South Korean authorities have decided not to stop the setting up of a statue symbolizing Korean women used as sex slaves by Japanese soldiers during World War II, in apparent retaliation for a visit by the Japanese defense minister to a controversial shrine.
Officials in the southern port city of Busan said on Friday that they would allow activists to place a statue symbolizing Japanese wartime sex slaves, known as “comfort women,” outside the Japanese consulate in the city.
“We won’t stop the civic group from setting up the statue there if they wish to do so,” Yonhap news agency quoted local official Park Sam-seok as saying.
Busan’s municipal authorities had previously removed the statue, which is of a young woman sitting with a bird perched on her shoulder, following a settlement reached between South Korea and Japan over the issue of the “comfort women.”
Japanese Prime Minister Shinzo Abe last year offered apologies to all the women who survived the ordeal. The Japanese government also agreed to pay 8.3 million dollars to surviving Korean “comfort women” to make up for the abuses carried out by Japanese soldiers at the time of the war.
However, Korean officials were angered after Japan’s Defense Minister Tomomi Inada offered prayers at a controversial shrine for Japanese soldiers in Tokyo.

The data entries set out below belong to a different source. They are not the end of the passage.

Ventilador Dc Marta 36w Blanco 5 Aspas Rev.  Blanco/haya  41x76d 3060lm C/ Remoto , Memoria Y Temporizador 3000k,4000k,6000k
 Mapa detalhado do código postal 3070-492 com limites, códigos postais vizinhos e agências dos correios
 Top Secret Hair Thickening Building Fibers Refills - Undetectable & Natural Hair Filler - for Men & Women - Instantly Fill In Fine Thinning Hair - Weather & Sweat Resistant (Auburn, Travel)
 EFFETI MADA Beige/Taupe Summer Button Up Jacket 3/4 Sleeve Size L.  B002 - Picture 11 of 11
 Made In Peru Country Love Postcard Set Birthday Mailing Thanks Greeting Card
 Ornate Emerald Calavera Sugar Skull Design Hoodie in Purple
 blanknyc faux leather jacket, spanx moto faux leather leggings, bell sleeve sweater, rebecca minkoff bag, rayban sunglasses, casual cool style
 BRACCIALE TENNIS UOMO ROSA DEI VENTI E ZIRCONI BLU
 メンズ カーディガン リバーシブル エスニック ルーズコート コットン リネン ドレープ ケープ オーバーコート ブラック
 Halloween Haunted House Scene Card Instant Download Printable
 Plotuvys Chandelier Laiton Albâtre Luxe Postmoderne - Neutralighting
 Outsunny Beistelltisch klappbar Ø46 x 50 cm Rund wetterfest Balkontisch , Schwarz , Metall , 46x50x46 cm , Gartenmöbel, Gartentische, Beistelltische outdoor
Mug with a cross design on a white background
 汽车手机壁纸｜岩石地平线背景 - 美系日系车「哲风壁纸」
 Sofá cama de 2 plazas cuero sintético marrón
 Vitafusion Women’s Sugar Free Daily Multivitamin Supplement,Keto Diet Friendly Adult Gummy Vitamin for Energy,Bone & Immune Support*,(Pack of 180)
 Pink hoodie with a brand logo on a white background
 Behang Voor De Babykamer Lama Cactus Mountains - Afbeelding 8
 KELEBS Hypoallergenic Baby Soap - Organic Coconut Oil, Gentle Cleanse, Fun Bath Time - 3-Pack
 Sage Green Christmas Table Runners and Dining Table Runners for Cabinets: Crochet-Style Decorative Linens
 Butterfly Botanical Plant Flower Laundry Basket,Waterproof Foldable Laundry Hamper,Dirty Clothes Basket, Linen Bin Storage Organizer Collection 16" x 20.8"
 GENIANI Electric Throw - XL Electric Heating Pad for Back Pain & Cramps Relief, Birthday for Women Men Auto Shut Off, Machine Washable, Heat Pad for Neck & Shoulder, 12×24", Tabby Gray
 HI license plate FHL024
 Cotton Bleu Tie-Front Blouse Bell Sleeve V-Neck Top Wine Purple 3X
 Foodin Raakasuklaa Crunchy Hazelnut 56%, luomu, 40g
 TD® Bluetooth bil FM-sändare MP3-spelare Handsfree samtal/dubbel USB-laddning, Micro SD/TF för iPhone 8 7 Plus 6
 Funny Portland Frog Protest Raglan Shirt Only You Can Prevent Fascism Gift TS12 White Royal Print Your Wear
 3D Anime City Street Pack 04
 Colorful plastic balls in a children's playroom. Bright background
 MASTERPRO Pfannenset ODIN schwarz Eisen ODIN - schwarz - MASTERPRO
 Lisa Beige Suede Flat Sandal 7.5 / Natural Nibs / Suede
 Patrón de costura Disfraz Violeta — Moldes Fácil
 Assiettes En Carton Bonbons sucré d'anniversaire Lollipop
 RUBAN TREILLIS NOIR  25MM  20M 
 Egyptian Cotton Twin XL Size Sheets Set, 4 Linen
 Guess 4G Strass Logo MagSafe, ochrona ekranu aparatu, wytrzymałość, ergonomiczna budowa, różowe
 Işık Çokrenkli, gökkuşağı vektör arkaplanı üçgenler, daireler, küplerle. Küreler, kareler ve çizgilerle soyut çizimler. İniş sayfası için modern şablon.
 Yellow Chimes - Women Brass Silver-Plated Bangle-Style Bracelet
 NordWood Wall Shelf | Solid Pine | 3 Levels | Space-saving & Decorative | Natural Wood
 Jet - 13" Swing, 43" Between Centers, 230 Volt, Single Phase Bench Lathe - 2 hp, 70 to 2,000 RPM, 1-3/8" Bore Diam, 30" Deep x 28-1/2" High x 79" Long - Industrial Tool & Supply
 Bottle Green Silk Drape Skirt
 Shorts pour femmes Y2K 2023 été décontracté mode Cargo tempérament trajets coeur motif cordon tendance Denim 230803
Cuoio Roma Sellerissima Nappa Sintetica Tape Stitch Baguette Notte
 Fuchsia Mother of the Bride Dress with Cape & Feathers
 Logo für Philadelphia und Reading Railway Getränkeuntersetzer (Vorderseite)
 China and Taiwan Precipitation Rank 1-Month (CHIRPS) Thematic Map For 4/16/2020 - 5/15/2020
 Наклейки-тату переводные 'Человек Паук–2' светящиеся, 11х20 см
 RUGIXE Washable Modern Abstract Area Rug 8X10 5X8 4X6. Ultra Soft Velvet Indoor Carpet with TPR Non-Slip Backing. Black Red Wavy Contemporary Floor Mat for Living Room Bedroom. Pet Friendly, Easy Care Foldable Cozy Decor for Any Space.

Japanese troopers and commanders, including some convicted of war crimes, are buried at the Yasukuni Shrine, and visits by high-ranking Japanese officials to the site often anger China and South Korea, whose people suffered from Japanese war-time abuse.
Inada’s Thursday visit to the shrine swiftly drew criticism from South Korea and China.
More than two dozen “comfort women” monuments have been set up around South Korea, and another dozen or so abroad in the United States, Canada, and elsewhere.
Tokyo says “comfort women” statues should be removed following the landmark deal, which resolved decades of dispute over the issue.